For every line below, restate it exactly and drop the images.
* * * * * * * * *
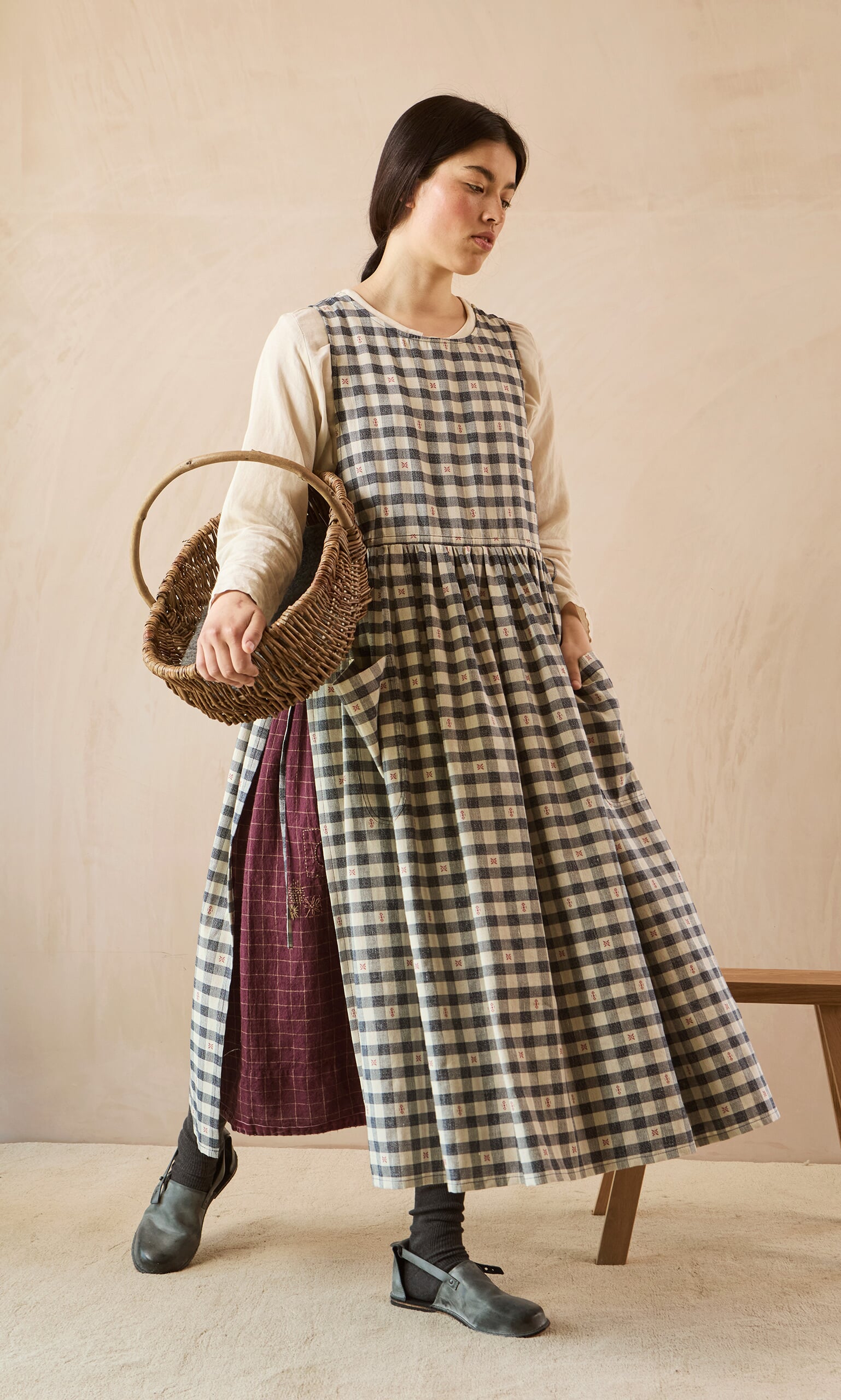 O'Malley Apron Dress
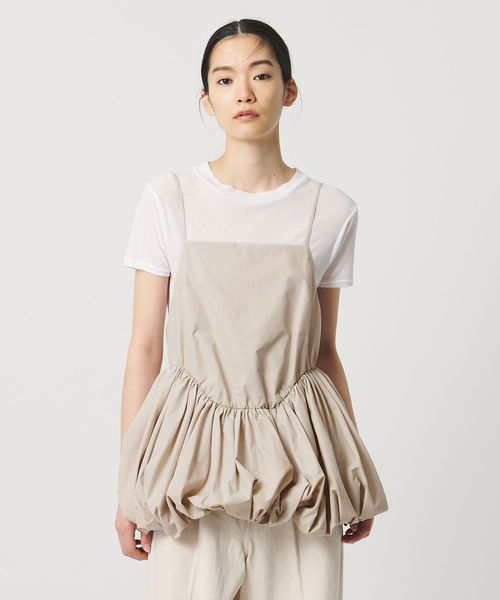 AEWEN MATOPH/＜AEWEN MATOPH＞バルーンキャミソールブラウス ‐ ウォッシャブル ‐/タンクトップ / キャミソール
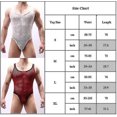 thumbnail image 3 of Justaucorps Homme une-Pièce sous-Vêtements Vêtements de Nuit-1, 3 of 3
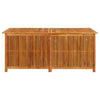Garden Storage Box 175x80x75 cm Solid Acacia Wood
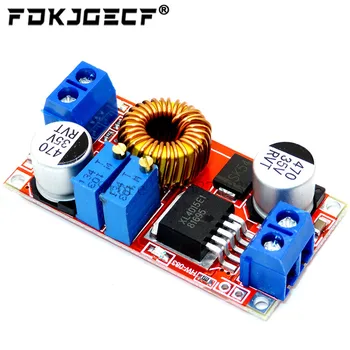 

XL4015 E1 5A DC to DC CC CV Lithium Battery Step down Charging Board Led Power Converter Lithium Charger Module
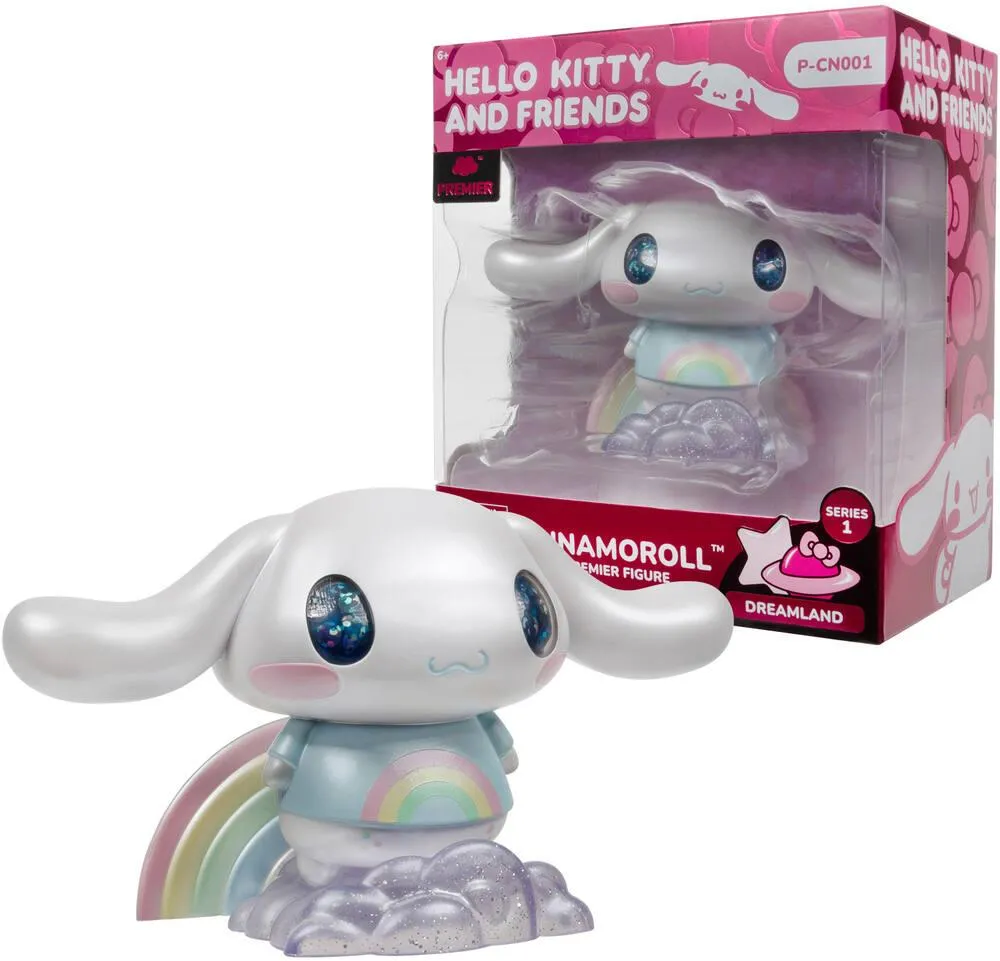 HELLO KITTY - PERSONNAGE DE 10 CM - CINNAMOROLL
* * * * * * * * *
● **Task answer**:
 O'Malley Apron Dress
 AEWEN MATOPH/＜AEWEN MATOPH＞バルーンキャミソールブラウス ‐ ウォッシャブル ‐/タンクトップ / キャミソール
 thumbnail image 3 of Justaucorps Homme une-Pièce sous-Vêtements Vêtements de Nuit-1, 3 of 3
Garden Storage Box 175x80x75 cm Solid Acacia Wood

XL4015 E1 5A DC to DC CC CV Lithium Battery Step down Charging Board Led Power Converter Lithium Charger Module
 HELLO KITTY - PERSONNAGE DE 10 CM - CINNAMOROLL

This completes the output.